Storms and other severe weather events can cause both public health and economic problems for communities and municipalities. Many severe events can result in fatalities, injuries, and property damage, and preventing such outcomes to the extent possible is a key concern.
The basic goal of this assignment is to explore the NOAA Storm Database and answer some basic questions about severe weather events. The events in the database start in the year 1950 and end in November 2011.
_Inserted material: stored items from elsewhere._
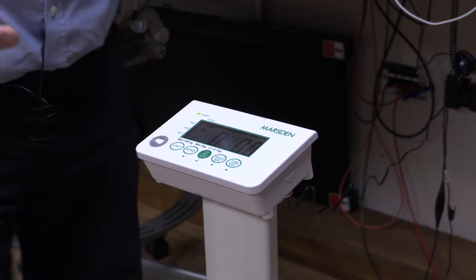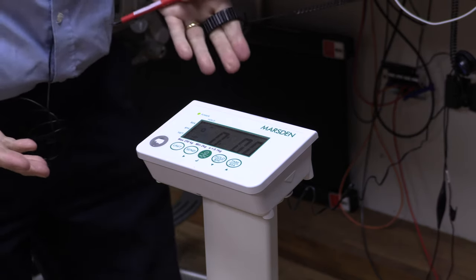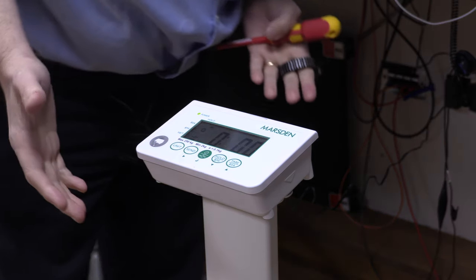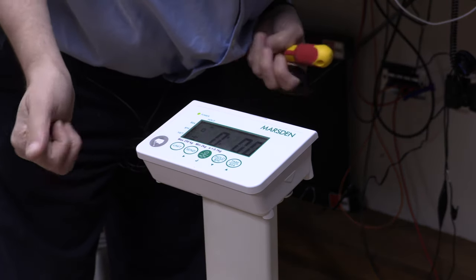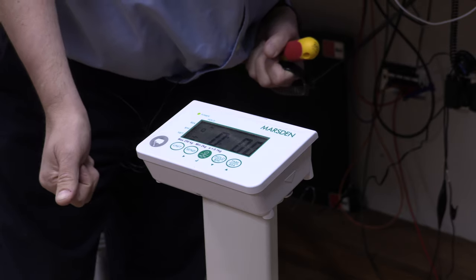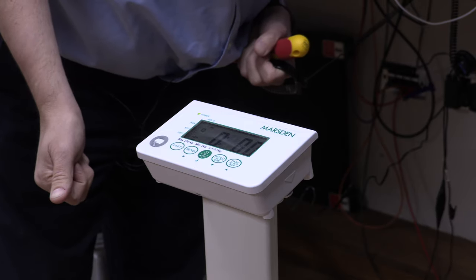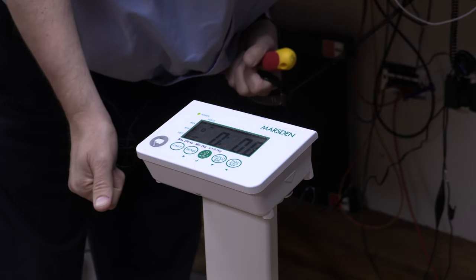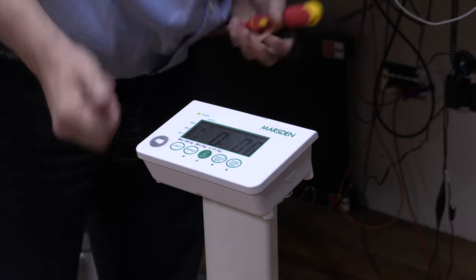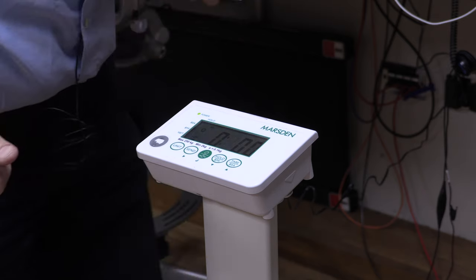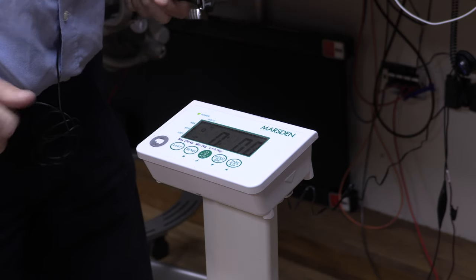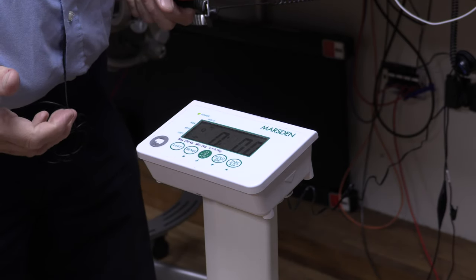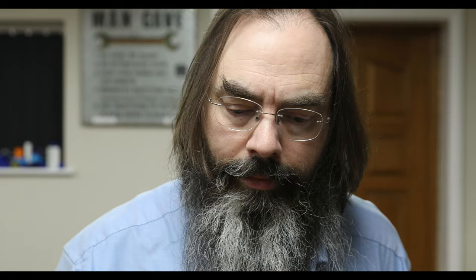So these are the scales, this is the Marsden M125 which is a medical scales, very precise, very accurate, 100 gram resolution.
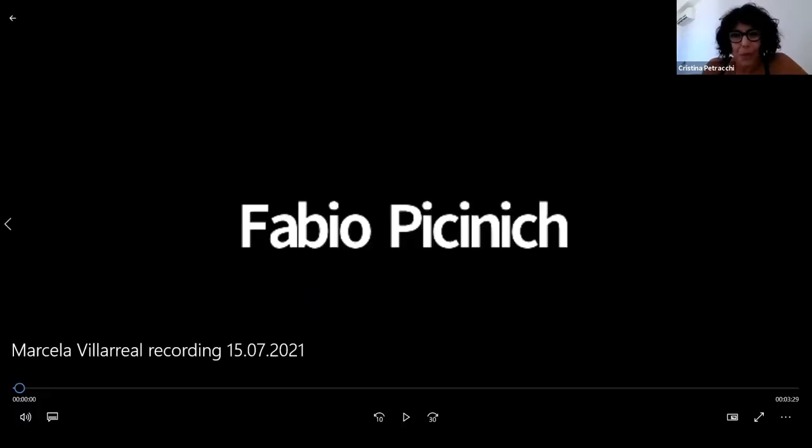I'd like to now give the floor to Ms. Marcella Villarreal, Director of FAO's Partnerships and UN Collaboration Division. I would like to join in the very warm welcome to everybody to this official launch of the FAO E-Learning Academy Guide on E-Learning Methodologies and Good Practices. Let me start with a quote from Nelson Mandela, a person who I've always admired very much. He says: education is the most powerful weapon which you can use to change the world.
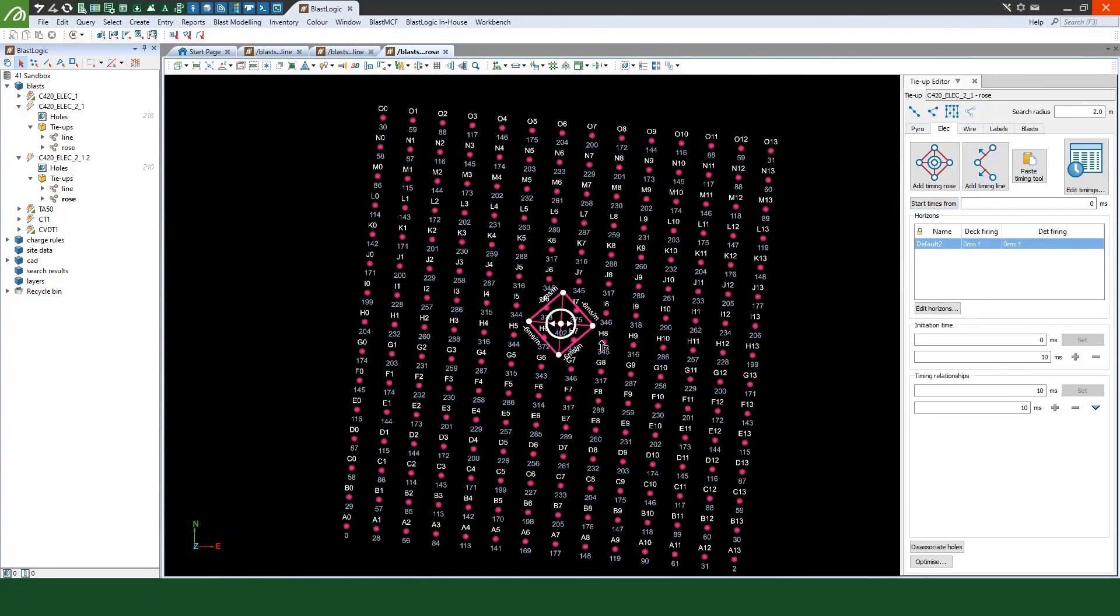Streamline drill and blast design, tracking and analysis with BlastLogic. Contact MapTech today to learn more.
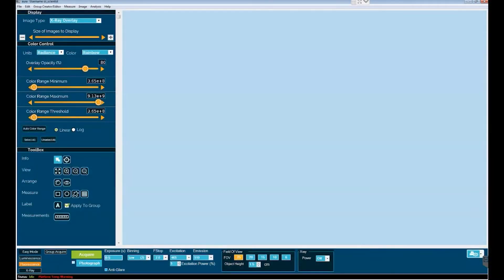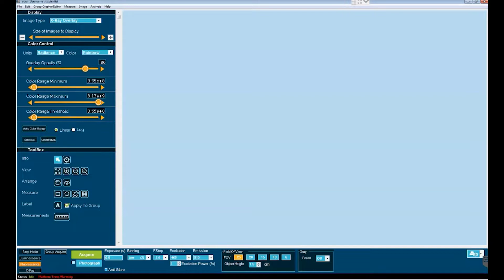In this tutorial, we will be highlighting the Group Acquire feature in Aura. Group Acquire is a feature that allows the investigator to set up a protocol that will take multiple images sequentially over time.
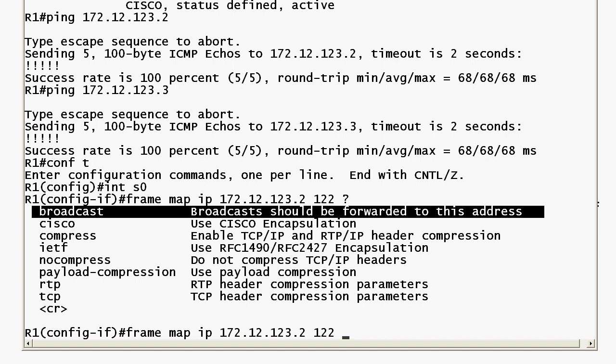So if you're in a home lab, production network, exam question, I don't care what it is, if you can send pings around but your routing protocols aren't working you probably left that broadcast option off. So be very familiar with the frame relay map command syntax and also know that your pings are going to go through if you leave this broadcast statement off but multicasts and broadcasts for our routing protocols will not operate correctly.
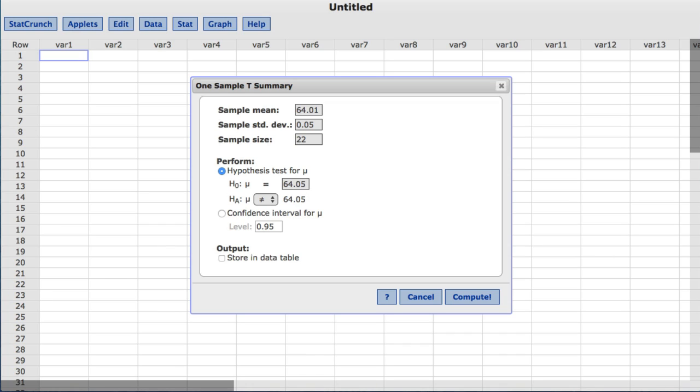For this example, we will change the alternative hypothesis to less than to test if the mean amount of apple juice in a bottle is actually lower than the 64.05 ounce standard.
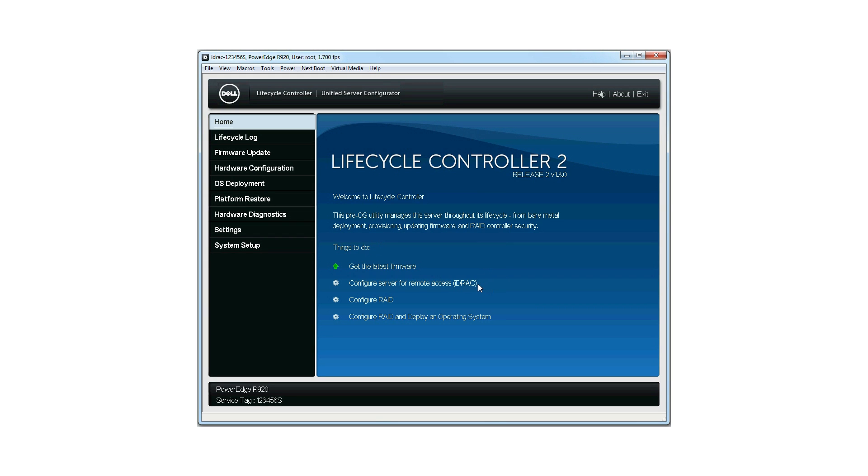Click OK. The backup server profile on the SD card can be exported to USB, NFS, or CIFS share using Export Backup Server Profile features under Platform Restore.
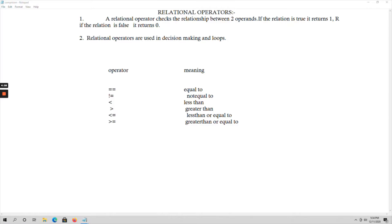In this video, let us talk about relational operators and logical operators. Relational operators check the relationship between two operands. For example, if you have two operands a and b, it will check whether a is less than b, greater than b, equal to b, or not equal to b. If the relation is true, it returns the value 1; if the relation is false, it returns the value 0.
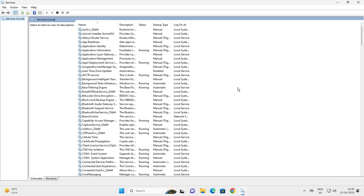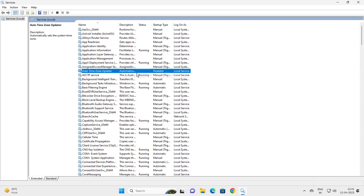You want to locate the Intel Rapid Storage Technology service. I do not have one in my case because I am in a virtual machine, but you want to locate the Intel Rapid Storage Technology service on your system.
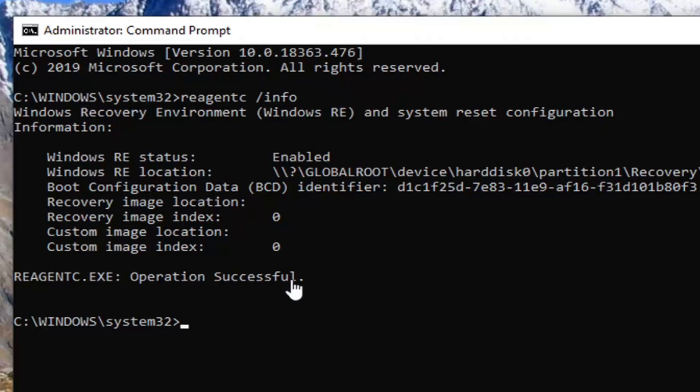If for some reason it says disabled here, we're going to type in REAGENTC space forward slash enable. So again, REAGENTC space and then a forward slash enable, not enabled. You want to just type in enable, no D at the end.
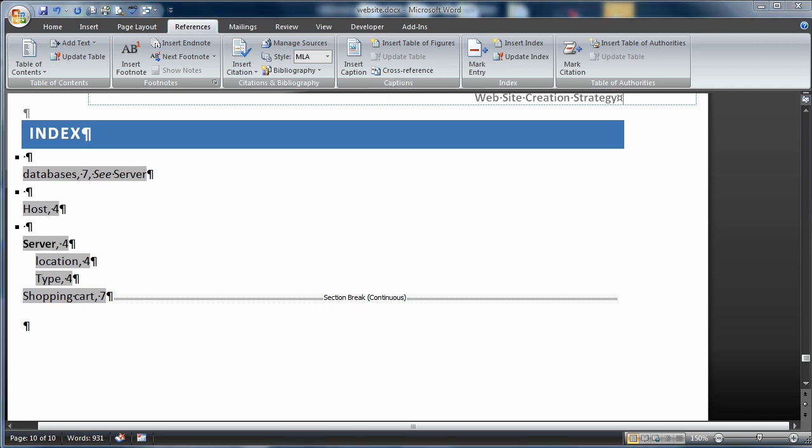In this lesson, we've created a table of contents and an index. We've modified both, we've added entries to both. That's going to do it for this time. We'll see you next time for another great lesson out of the Wiley Publishing text. Thank you.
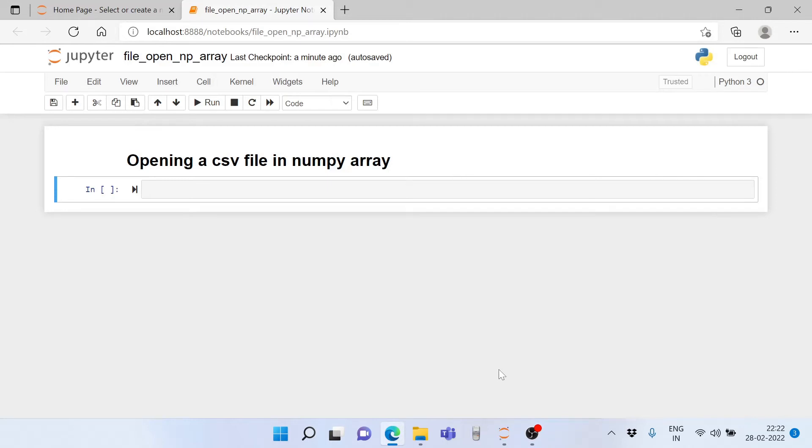Hello friends and welcome to a lecture on Python. Today we will learn how to open a CSV file in NumPy array.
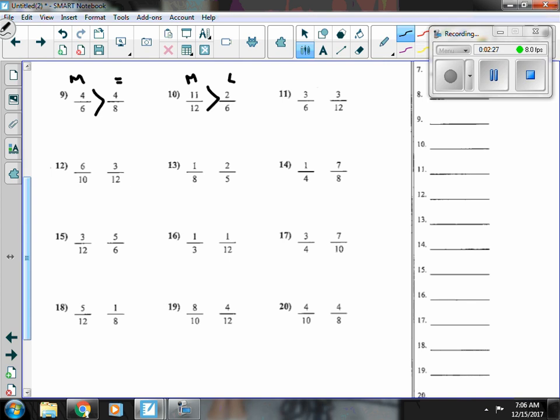Number eleven, I see right away my numerators are the same, so I know that the smaller denominator makes the bigger fraction.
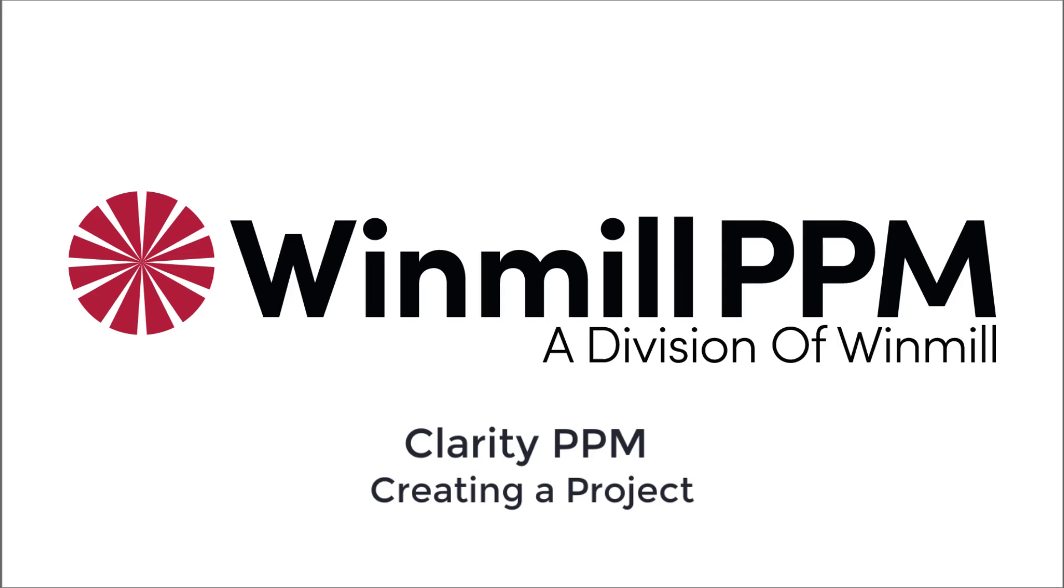Hello, everyone. In this video, Windmill Software will demonstrate how to create projects in Clarity PPM. We will focus on the following three ways to create projects: manually, converted from an idea, and through integrations.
1.) Across the United States, which types of events (as indicated in the EVTYPE variable) are most harmful with respect to population health?
2.) Across the United States, which types of events have the greatest economic consequences?
This project involves exploring the U.S. National Oceanic and Atmospheric Administration’s (NOAA) storm database. This database tracks characteristics of major storms and weather events in the United States, including when and where they occur, as well as estimates of any fatalities, injuries, and property damage.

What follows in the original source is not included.